White crowned sparrow sitting on blackberry branch.
As a wildlife photographer I love long lenses.  The word "long" here describes a lens which is telephoto in nature, but even that doesn't do it justice.  Just as wide angle lenses have more extreme values and are called "ultra-wides", telephotos also have their ample cousins.  Dubbed "super-telephoto" lenses, these allow the wildlife enthusiast to render the small and distant into something substantial.

What is considered a super-telephoto?  This would depend on who you talk to, but I consider something in the 400 mm range a good beginning.  The problem with giving any one mm value is that it means different things on different cameras.  I have an 80 - 400 mm lens, a favourite, that I use on an APS-C sensor camera.  However, that is not its effective focal length, as cameras with this size sensor have a crop factor of 1.5, or in Canon's case, 1.6.

Think of a projected image on a screen.  Let's say the screen is 4 feet high by 6 feet wide and the projection fills it from edge to edge.  This is analogous to a full frame camera which has no crop factor.  The 80 - 400 mm lens I mentioned produces the expected level of magnification.  Switching over to an APS-C sensor camera, we bring the crop factor into play.  For our screen analogy it means making the screen physically smaller but having the projector at the same place.  You see less of the image on the screen.  In essence, the image has been magnified.  The 400 mm lens now behaves like a 600 mm (400 x 1.5 = 600). 

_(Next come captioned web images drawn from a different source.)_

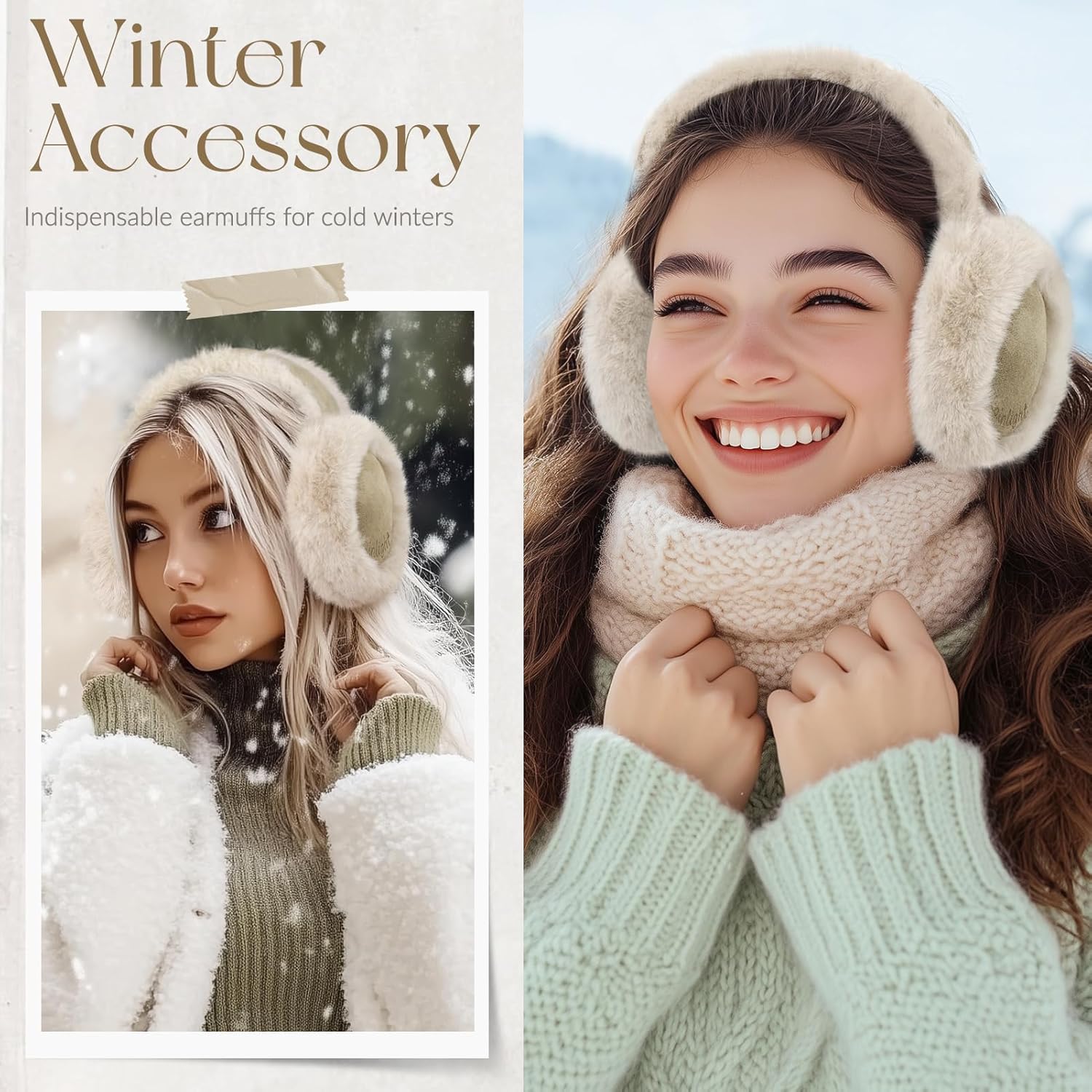 Ear Muffs for Winter Women Faux Fur Warm Earmuffs Foldable Cute Fuzzy Ear Warmers - Image 6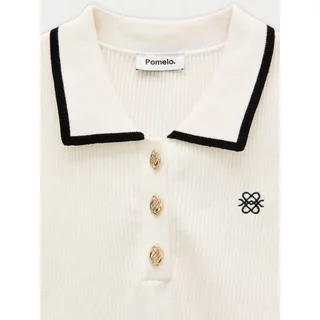 [Pomelo] เสื้อโปโลถักขอบตัด / Contrast Trim Polo Knit Top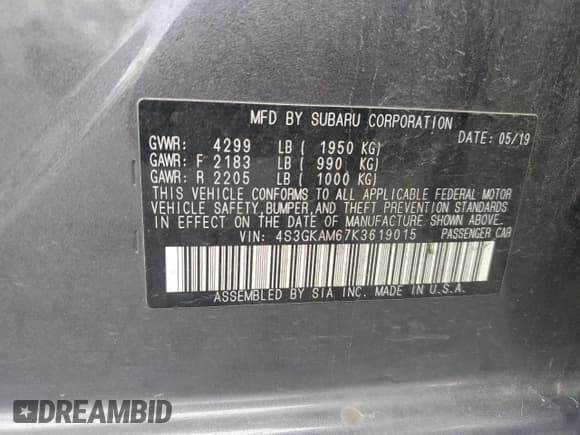 ✅ 2019 Subaru Impreza Special Sports • VIN: 4S3GKAM67K3619015 • Lot: 92499275. Wystawiony na Copart z przebiegiem 55 938 mil. Bezpłatny archiwum sprzedaży aukcyjnych z USA i szczegółowy raport historii pojazdu na DreamBid. Zdjęcie 12.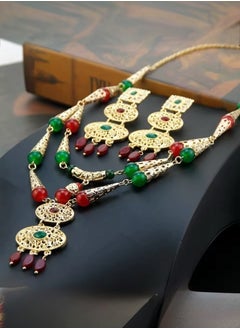 ANUM BY MUNA Luxury Jewelry Set with Green and Red Stones  - Image 1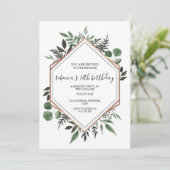 バラ金ゴールド額縁抽象芸術誕生日招待状 招待状 (スタンド正面)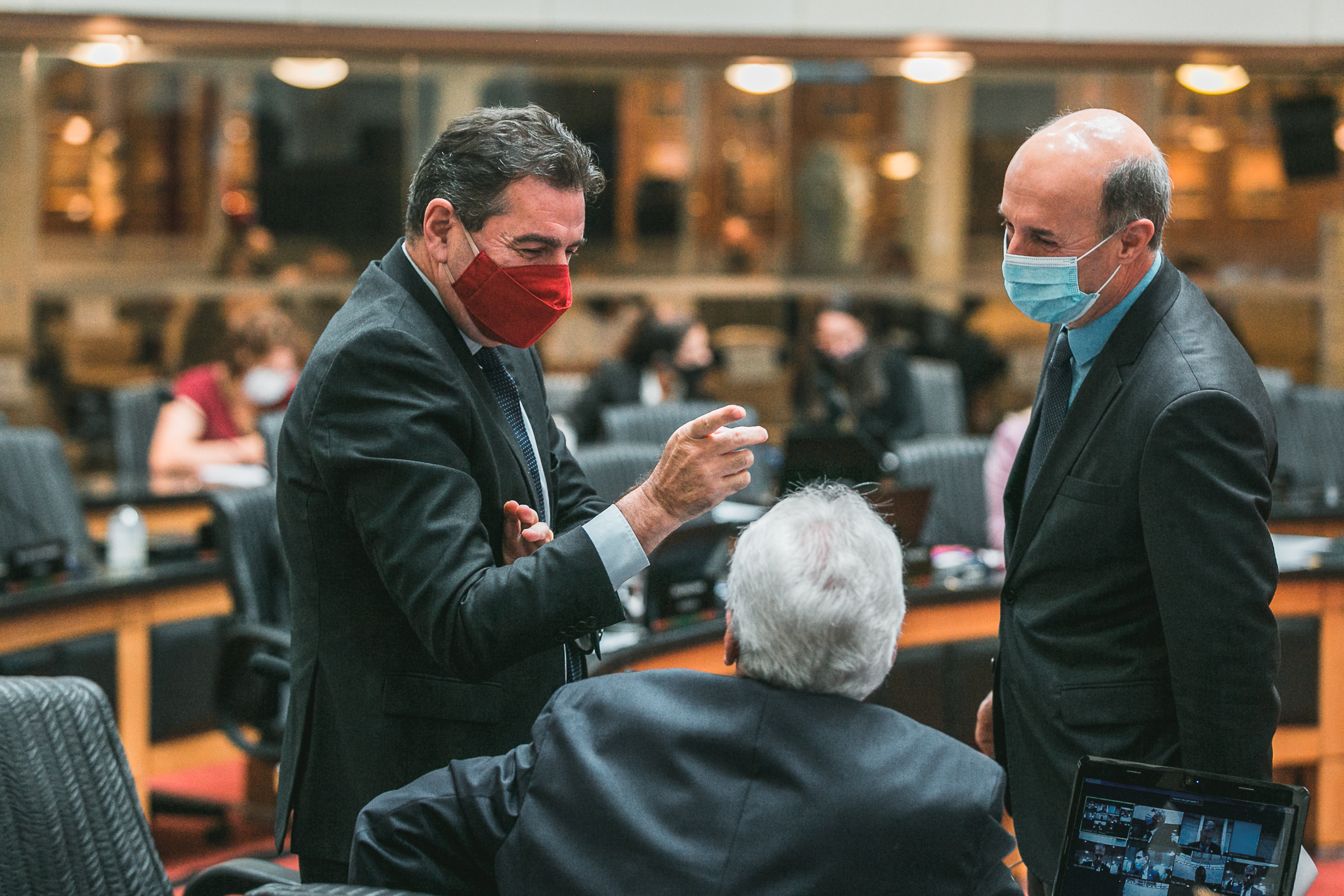 Deputado Valdir Cobalchini (MDB) - Deputado José Milton Scheffer (PP) - Deputado Moacir Sopelsa (MDB)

I would not consider the 400 mm much of a super-zoom on a full frame camera, but at 600 mm it makes a substantive impact.  The photograph above was taken with my 150 - 600 mm lens extended at the full 600 mm.  On the APS-C sensor camera that is equivalent to a 900 mm lens on a full frame camera.  If I compared it to a pair of binoculars, it would have a magnification of 18x.  This explains why I can be 30 feet from my quarry and still get a good photograph of it.  There is also some cropping going on and a little sharpening, but you can't argue with the results.

Although I value long lenses, there is a reverse relationship between focal length and depth of field.  Longer mm values have progressively less depth of field.  There is also a proportional relationship with shutter speed and wight/length in that longer lenses are bigger and need higher shutter speeds to produce a quality image.  Throw cost into the mix and you have a recipe which says that you can only go so big before the size, cost, shutter speed, and depth of field aspects become untenable.

I find my 600 mm lens quite adequate for my needs, as long as I can use it on a crop sensor camera.  I have been happy with many of the images I have been able to capture with it.